# Spyware



## JoT (Aug 12, 2003)

My father's computer is full of spyware! He has been battling with it for months without saying anything









Can anyone suggest a good downloadable Spyware programme? I don't mind paying for the download.

Thanks


----------



## scottishcammy (Jul 11, 2003)

John,

I would use:

Bitdefender 9 Professional Plus

http://www.bitdefender.co.uk/bd/site/buy.php

and

Webroot Spysweeper

http://www.webroot.com/

That's what I use and I'm very happy with them. Bitdefender gets an excellent write up in the industry.

Good luck mate.

Adaware is also good and spybot (both free).
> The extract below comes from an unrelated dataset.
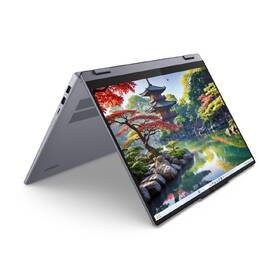 Notebook Lenovo IdeaPad 5 2 in 1 16IAL10 sivý

 obrázok produktu 6 z 9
In the first instance you could go to Trend online scan & fix called HouseCall (also well thought of). It's online so will get things going straight away.

http://housecall60.trendmicro.com/en/start_corp.asp


----------



## andy100 (Dec 18, 2005)

Hi JoT,

Good to see you back again!









I use Lavasoft 'AdAware', Spybot 'Search & Destroy' AND HijackThis for our computer. (You can find all of them at Download.com). The best thing is they're all free!
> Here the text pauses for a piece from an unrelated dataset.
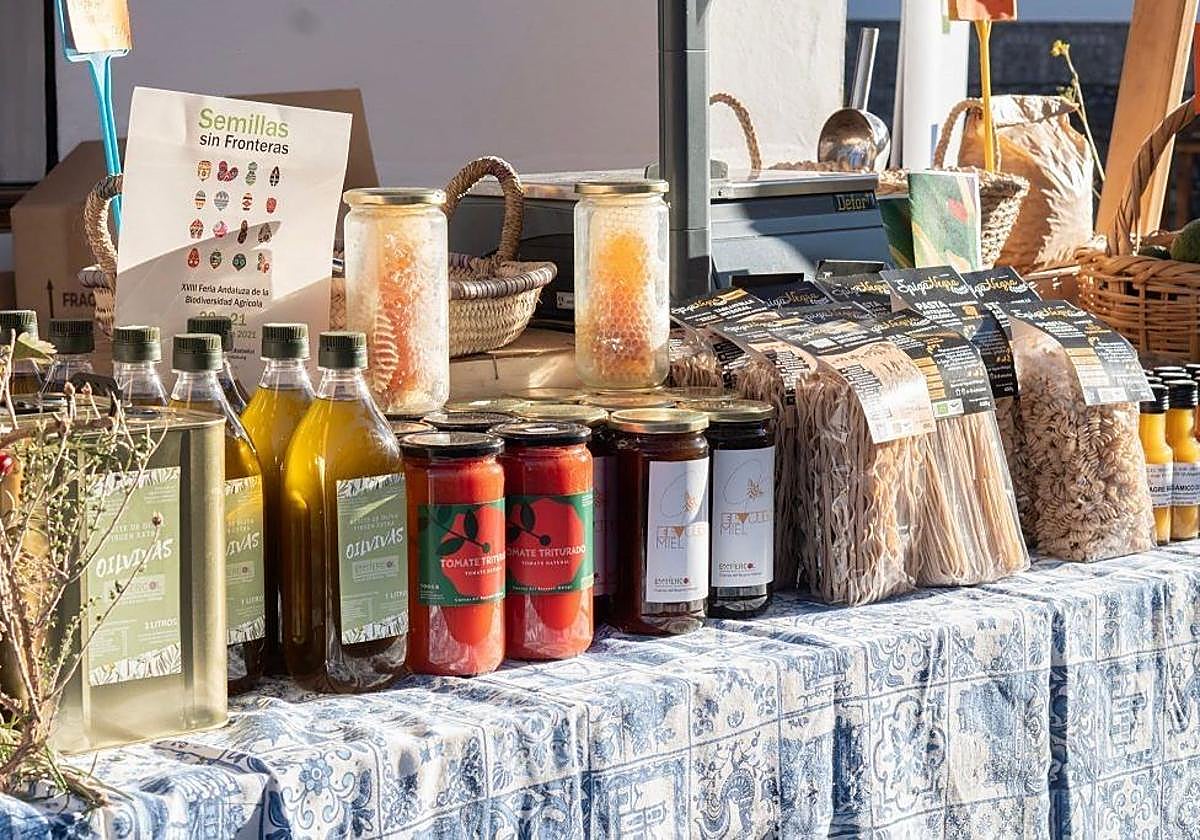 Cuevas del Becerro celebra su X Jornada del Campo este fin de semana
AdAware and Spybot should pick up most (if not all) of the Adware and Spyware, and then if you run Hijack This it'll tell you in a quick list all of the programs that are running on your Dad's machine, so if anything looks dodgy you can Google it and if it's bad, just mark it for deletion from the registry. Just be careful you don't delete anything essential that you can't put back in!







Of course, there's plenty of computer forums out there where you can post your logs for AdAware and Spybot and seek advice on anything suspect.
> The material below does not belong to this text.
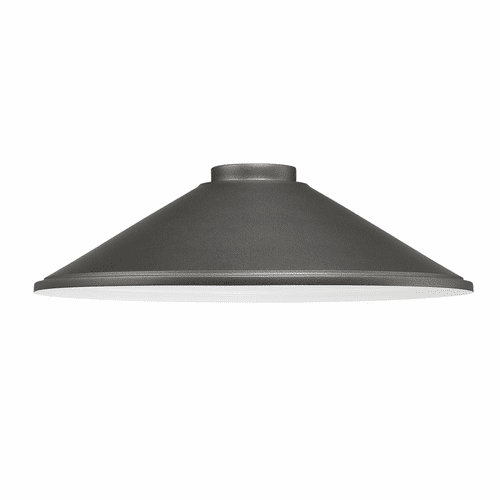 Rlm Outdoor Shade - Smoked Iron - 7986-18-172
We've had plenty of infestations in the past thanks to sharing a house computer and certain individuals that I've lived with looking at the wrong 'adult' sites!







Thankfully now, by using Firefox it seems to have solved a lot of the problems, as it's harder to download and install spyware without realising it.

Best of luck with it anyway!

Andy


----------



## Julian Latham (Jul 25, 2005)

JoT said:


> My father's computer is full of spyware! He has been battling with it for months without saying anything
> 
> 
> 
> ...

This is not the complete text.